Ketika Presiden Jokowi membuat distingsi “mudik” dan “pulang kampung”, sebagian anak bangsa ini protes.
“Itu sama saja, Pak Presiden. Sama-sama pulang dari kota ke kampung.” Begitu protes mereka riuh-rendah di media sosial.
Apakah Presiden Jokowi yang terlalu (maaf) bodoh sehingga tidak bisa melihat persamaan “mudik” dan “pulang kampung”?
Ataukah (sebagian) bangsa ini yang kelewat cerdas sehingga tidak bisa melihat perbedaan “mudik” dan “pulang kampung”?
Pak Jokowi sudah mencoba menjelaskan perbedaan “mudik” dan “pulang kampung”. Saya coba rumuskan dalam Bahasa yang (semoga) sederhana.

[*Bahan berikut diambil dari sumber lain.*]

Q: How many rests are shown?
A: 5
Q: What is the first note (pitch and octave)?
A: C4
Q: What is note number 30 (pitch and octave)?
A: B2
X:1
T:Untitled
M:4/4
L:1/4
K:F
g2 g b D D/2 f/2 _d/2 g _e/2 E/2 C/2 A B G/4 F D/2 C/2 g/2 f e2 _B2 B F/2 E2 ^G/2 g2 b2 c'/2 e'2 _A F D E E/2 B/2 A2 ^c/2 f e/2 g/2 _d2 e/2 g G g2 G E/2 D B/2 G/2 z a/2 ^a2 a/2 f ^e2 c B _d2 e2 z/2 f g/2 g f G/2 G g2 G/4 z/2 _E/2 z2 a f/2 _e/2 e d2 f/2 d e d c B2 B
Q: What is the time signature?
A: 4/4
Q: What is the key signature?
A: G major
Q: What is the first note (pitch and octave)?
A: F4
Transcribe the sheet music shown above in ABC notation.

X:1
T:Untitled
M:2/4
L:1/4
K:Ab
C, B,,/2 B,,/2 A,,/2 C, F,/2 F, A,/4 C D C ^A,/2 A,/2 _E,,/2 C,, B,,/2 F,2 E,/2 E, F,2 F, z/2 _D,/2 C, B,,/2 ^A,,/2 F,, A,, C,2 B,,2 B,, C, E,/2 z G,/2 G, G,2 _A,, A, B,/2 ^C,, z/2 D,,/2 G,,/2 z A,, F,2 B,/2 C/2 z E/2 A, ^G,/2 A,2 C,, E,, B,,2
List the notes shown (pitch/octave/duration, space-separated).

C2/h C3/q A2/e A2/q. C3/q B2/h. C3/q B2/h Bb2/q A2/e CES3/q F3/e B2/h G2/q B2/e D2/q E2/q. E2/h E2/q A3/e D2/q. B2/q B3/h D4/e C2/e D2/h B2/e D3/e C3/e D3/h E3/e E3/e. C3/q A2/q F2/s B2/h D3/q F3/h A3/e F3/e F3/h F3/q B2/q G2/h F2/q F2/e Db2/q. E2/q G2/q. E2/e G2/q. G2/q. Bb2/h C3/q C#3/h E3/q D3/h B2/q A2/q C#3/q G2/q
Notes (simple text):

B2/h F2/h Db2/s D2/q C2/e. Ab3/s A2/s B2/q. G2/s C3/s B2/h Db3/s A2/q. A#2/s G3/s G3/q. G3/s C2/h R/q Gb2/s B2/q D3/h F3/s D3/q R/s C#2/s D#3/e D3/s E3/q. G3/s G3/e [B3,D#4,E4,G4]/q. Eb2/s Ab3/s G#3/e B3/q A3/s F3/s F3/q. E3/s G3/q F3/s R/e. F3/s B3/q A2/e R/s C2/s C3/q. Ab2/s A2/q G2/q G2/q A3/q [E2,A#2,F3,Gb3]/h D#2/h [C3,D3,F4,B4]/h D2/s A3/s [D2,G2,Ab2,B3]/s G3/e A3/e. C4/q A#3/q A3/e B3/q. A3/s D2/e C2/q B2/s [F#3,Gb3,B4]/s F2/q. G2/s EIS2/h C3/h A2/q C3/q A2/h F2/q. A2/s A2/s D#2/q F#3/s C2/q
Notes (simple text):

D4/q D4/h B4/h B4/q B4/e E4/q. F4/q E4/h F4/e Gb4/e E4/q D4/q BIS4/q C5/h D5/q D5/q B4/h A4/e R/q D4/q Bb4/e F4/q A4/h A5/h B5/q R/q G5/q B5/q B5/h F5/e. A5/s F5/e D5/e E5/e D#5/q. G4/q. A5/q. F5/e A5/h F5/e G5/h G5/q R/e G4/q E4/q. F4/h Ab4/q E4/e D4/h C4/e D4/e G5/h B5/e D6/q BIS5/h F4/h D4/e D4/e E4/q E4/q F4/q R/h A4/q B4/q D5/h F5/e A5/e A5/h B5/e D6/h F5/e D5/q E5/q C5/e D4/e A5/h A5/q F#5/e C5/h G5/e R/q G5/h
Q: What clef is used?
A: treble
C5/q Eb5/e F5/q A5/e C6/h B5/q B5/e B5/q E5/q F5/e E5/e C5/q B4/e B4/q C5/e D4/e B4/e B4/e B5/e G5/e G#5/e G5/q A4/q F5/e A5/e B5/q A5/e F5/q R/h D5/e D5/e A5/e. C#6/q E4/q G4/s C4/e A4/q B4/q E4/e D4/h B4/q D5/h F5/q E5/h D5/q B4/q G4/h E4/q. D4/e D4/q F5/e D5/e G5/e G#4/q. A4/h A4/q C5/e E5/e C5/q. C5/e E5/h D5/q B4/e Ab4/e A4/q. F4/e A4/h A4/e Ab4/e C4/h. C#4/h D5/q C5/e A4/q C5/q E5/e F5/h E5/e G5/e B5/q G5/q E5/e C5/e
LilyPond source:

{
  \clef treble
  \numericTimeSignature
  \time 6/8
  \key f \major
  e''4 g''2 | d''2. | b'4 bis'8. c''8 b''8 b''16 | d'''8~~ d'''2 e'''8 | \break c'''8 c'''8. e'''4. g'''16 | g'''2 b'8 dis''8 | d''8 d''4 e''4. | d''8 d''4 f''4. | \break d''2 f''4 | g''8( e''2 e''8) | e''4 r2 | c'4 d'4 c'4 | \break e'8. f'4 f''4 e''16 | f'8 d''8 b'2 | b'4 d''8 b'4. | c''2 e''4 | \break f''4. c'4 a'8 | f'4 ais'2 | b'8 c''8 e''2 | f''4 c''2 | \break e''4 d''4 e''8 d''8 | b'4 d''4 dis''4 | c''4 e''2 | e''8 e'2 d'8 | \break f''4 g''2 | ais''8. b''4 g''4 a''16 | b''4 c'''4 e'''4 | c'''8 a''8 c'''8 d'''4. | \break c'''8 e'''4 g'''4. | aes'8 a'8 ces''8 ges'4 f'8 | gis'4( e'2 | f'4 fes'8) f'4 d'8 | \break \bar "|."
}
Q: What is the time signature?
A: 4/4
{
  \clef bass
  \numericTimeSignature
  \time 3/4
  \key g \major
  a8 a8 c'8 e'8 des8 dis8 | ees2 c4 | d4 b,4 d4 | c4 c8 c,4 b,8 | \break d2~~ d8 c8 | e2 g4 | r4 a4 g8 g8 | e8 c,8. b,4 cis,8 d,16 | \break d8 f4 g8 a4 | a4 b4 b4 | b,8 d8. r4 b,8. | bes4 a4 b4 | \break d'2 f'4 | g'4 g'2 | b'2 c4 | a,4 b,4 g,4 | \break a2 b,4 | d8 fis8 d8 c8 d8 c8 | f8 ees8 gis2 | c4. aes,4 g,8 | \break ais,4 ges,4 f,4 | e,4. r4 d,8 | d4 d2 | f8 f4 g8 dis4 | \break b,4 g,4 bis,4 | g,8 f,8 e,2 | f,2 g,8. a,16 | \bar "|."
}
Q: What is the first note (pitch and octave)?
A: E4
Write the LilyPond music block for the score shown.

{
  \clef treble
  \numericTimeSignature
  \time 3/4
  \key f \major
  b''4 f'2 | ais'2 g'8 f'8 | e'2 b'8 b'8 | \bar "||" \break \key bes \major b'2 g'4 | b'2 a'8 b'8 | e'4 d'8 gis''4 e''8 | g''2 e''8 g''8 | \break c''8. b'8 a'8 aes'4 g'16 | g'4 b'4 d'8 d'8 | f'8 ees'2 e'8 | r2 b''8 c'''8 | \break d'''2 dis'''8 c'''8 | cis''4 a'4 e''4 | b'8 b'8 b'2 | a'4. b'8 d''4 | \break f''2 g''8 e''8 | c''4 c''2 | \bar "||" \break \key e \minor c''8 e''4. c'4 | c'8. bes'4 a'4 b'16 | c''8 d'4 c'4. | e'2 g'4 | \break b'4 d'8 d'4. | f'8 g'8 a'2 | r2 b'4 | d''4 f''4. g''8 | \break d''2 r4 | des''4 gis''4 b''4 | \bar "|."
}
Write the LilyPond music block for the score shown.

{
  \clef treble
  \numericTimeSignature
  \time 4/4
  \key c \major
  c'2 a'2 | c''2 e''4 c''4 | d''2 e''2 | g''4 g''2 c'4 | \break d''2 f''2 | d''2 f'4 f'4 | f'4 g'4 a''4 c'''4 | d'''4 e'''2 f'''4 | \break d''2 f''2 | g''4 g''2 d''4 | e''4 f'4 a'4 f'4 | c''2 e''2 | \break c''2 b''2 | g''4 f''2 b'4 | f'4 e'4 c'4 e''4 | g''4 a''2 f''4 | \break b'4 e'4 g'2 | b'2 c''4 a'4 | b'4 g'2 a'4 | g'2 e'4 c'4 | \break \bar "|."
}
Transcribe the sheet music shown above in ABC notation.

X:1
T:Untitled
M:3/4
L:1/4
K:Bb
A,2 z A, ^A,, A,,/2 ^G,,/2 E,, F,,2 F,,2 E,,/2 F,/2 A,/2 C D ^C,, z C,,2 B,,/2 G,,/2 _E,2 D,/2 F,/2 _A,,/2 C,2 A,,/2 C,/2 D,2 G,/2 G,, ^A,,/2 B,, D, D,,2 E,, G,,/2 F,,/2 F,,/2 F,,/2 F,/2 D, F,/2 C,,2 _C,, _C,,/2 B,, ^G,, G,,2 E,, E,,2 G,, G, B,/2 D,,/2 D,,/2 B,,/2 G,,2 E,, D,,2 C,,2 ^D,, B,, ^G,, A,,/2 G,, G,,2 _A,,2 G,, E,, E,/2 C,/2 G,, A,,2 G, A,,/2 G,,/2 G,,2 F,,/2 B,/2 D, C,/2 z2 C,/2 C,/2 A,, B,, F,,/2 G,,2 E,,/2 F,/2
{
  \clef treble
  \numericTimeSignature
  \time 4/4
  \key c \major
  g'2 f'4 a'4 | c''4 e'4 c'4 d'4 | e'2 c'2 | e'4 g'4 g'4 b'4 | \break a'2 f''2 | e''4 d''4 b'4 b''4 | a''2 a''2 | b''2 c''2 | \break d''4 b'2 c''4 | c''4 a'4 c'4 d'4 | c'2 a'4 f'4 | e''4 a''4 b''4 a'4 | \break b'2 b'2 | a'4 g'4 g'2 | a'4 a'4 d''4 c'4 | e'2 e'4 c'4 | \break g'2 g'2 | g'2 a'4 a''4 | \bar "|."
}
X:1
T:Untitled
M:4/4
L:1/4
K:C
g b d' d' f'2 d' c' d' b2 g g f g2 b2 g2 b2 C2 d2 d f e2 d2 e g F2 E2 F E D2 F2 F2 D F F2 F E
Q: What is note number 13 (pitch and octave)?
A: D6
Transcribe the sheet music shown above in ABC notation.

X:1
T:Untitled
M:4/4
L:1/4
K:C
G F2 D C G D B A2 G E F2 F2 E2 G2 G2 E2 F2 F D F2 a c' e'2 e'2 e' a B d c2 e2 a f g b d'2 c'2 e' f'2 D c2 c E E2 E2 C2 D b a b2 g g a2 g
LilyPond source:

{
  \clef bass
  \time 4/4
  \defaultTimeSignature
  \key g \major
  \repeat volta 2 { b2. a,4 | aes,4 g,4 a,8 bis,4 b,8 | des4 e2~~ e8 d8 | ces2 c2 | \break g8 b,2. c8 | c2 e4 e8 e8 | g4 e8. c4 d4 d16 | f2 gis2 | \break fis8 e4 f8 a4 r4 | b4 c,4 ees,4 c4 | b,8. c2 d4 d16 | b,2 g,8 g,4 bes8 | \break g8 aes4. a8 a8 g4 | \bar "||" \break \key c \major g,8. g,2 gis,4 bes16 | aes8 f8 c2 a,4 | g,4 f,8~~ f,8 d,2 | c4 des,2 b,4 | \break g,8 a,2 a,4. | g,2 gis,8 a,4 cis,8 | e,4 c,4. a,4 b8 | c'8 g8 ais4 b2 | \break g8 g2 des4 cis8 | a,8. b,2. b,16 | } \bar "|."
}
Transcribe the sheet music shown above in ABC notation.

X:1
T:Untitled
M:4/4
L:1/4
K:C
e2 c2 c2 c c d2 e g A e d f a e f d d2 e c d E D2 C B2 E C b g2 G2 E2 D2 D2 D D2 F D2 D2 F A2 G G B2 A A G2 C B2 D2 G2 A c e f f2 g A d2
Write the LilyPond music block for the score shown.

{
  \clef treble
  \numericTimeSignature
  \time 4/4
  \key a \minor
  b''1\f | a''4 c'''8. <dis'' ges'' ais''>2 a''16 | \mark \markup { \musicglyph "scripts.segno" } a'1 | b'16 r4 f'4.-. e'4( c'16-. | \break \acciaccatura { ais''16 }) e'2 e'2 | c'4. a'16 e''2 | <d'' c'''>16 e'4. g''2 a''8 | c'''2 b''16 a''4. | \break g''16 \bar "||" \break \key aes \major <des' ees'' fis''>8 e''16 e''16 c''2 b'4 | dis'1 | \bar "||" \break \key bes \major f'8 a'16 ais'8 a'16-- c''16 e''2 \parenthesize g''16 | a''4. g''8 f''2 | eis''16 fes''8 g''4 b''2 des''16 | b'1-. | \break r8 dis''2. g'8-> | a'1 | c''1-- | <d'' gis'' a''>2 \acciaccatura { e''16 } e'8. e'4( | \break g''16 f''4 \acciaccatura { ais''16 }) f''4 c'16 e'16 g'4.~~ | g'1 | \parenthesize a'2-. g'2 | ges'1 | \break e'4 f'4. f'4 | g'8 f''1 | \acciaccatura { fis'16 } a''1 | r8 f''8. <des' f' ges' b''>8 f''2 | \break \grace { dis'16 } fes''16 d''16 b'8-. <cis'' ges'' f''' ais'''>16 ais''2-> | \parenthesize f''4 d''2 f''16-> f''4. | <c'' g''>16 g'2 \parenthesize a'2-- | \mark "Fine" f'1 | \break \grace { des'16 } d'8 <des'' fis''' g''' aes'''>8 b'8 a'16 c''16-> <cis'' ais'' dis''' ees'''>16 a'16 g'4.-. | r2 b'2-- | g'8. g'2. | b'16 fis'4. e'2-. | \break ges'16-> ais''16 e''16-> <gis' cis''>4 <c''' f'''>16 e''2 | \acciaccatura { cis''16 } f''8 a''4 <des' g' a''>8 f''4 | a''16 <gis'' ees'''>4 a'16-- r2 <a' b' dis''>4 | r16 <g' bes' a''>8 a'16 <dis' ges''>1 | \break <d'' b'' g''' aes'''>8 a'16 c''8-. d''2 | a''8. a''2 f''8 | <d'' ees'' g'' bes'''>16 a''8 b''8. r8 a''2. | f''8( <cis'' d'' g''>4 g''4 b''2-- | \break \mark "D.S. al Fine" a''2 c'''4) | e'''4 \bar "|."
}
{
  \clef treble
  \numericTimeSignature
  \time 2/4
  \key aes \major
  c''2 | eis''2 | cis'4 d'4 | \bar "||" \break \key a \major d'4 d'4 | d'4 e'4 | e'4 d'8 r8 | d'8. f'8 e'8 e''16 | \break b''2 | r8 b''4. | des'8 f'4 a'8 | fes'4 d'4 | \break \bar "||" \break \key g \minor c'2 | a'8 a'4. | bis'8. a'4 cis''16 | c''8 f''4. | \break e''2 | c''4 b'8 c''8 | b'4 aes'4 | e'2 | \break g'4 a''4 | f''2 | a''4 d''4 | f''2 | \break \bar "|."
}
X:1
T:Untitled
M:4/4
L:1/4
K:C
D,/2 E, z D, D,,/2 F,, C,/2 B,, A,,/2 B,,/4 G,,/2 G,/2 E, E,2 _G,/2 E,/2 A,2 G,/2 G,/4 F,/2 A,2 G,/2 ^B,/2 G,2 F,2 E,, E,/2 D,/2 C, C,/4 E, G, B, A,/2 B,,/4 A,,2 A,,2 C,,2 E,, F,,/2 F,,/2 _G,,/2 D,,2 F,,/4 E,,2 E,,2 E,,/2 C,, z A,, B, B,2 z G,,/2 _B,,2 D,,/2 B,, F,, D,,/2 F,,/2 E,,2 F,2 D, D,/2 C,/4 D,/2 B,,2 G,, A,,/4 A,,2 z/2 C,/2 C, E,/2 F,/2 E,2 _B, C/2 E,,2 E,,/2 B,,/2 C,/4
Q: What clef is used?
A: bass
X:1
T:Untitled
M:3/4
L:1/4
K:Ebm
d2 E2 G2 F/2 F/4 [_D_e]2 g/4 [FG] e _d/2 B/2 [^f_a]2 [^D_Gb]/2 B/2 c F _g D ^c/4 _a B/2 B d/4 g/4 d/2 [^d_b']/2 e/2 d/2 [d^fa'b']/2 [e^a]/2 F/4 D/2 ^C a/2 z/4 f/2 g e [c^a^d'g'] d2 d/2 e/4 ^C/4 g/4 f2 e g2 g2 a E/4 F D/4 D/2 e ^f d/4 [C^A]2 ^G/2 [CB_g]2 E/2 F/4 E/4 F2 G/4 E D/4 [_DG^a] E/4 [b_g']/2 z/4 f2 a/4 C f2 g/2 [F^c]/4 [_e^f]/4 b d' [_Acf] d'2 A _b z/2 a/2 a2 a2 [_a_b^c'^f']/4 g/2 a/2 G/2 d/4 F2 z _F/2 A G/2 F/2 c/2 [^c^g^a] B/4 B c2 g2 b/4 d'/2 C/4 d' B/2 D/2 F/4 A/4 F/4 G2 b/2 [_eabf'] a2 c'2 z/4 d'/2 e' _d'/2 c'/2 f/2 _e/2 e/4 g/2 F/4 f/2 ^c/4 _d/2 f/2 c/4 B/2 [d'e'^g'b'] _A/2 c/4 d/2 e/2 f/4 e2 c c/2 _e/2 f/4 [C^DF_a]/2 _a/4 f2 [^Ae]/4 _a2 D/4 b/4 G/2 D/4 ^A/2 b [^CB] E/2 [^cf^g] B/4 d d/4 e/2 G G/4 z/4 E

“Mudik” berarti “warga permanen kota pulang secara temporal ke kampung halaman hanya untuk keperluan ritus kolektif".
Sedangkan “pulang kampung” berarti “warga temporal kota pulang ke kampung halaman permanennya sebagai bagian dari strategi nafkah.”
Sudah jelas bedanya? Pelaku mudik adalah warga permanen kota sedangkan pelaku pulang kampung adalah warga temporal. Tujuannya sama, kampung masing-masing.
Tapi sifat kepulangannya beda. Mudik bersifat temporal, untuk kegiatan sosial-budaya/ keagamaan tertentu, lazimnya ritus kolektif.
Pulang kampung bersifat penegasan pada domisili permanen seseorang, yaitu sebagai warga kampung pulang dari cari nafkah secara temporal di kota.
***
Pembedaan “mudik” dan “pulang kampung” seperti itu mungkin akan dikejar dengan pertanyaan tentang beda “warga permanen” dan “warga temporal”. Bagaimana membedakannya?